First, defendant’s Franks argument fails. The negative information that he complains about not being more prominently displayed was “hidden” in a footnote in the 42 page affidavit. There is nothing that says that there can’t be information in footnotes. Second, it’s not prejudicial that the inventory of items seized accidently left something out. Third, there clearly was probable cause for the warrant. Fourth, because of lack of remedy from Hudson, the court doesn’t even have to consider the “no knock” provision of the warrant. Fifth, defendant’s overseizure argument about surveillance equipment and his Mercedes being seized is sufficient to require a hearing. United States v. Harris, 2014 U.S. Dist. LEXIS 164365 (D. Kan. November 25, 2014):

“Generally, law enforcement officers must announce their presence and provide residents an opportunity to open the door before executing a search warrant.” United States v. Brown, 2006 WL 1997641, *2 (10th Cir. July 18, 2006) (citing Hudson v. Michigan, 547 U.S. 586, 589 (2006)).
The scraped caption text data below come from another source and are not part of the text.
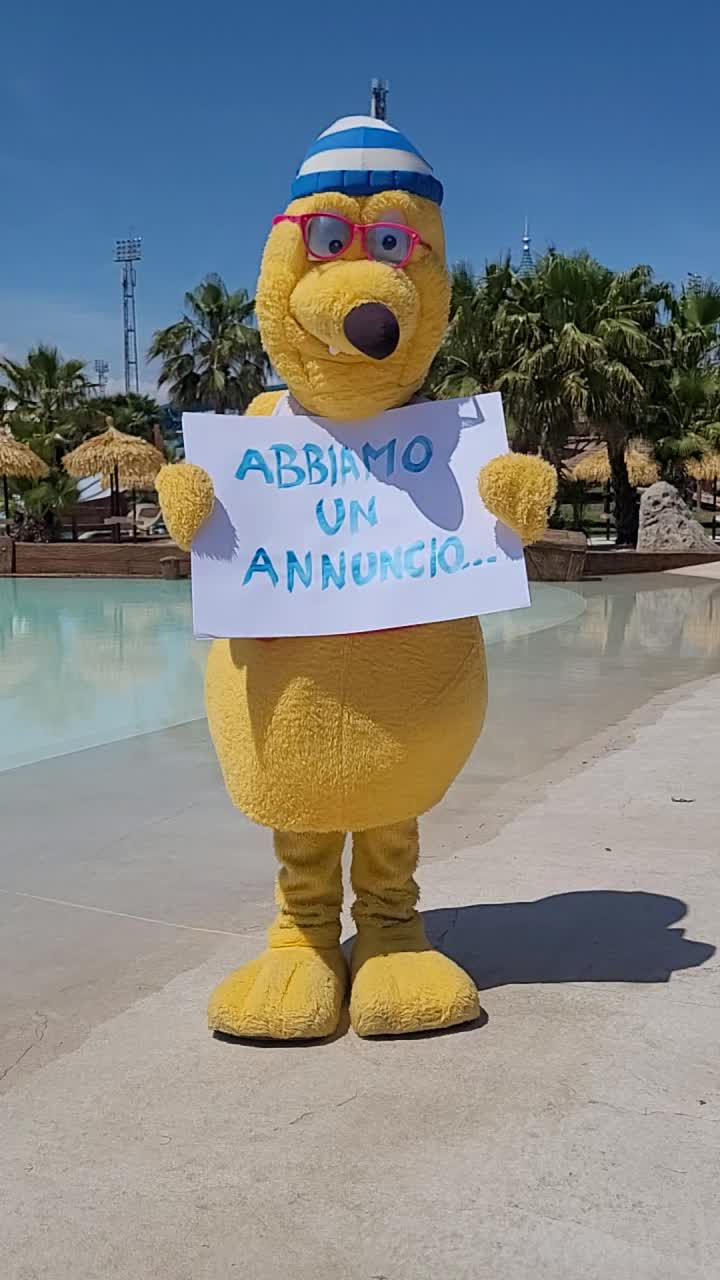 Fufi tiene tra le pinne un cartello che dice: Abbiamo un annuncio...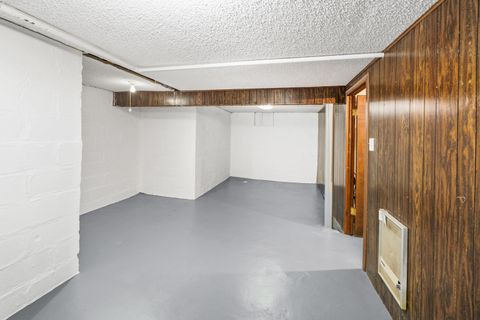 Tiny photo for 2219 W 24th St, Duluth, MN 55811 (MLS # 6123078)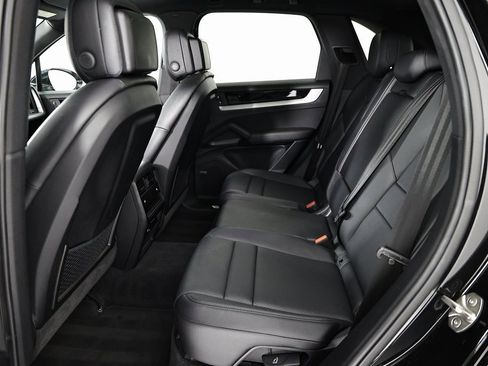 Certified 2024 Porsche Cayenne image 26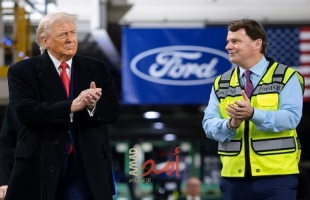 فعل فاضح..ترامب يوجه إشارة بذيئة بإصبعه لعامل في مصنع بميشيغان - فيديو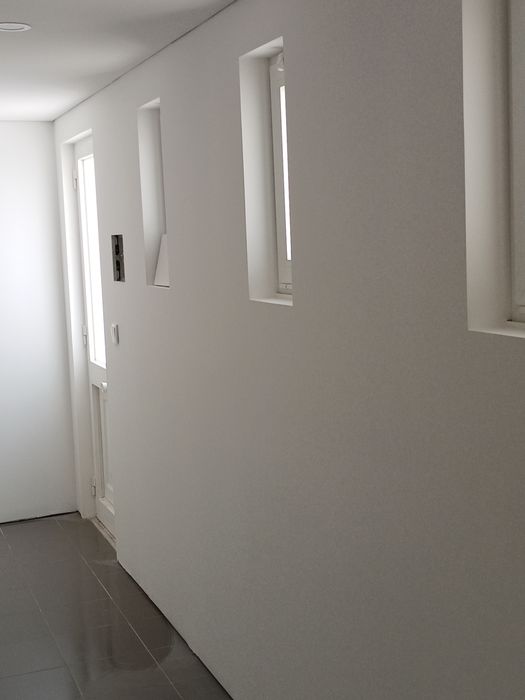 Pintura Profissional | Professional Painting Services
The remedy for a failure to knock and announce, however, does not include suppression of the evidence seized. Id. Therefore, the court does not need to evaluate the affidavit to determine if the officers had a legitimate basis to fear for their safety during the execution of the search warrant. Id. (“Given the Court’s ruling in Hudson, it is unnecessary for this court to determine whether, under the circumstances presented in this case, law enforcement’s fear of evidence destruction justified an exemption from the knock-and-announce rule.”).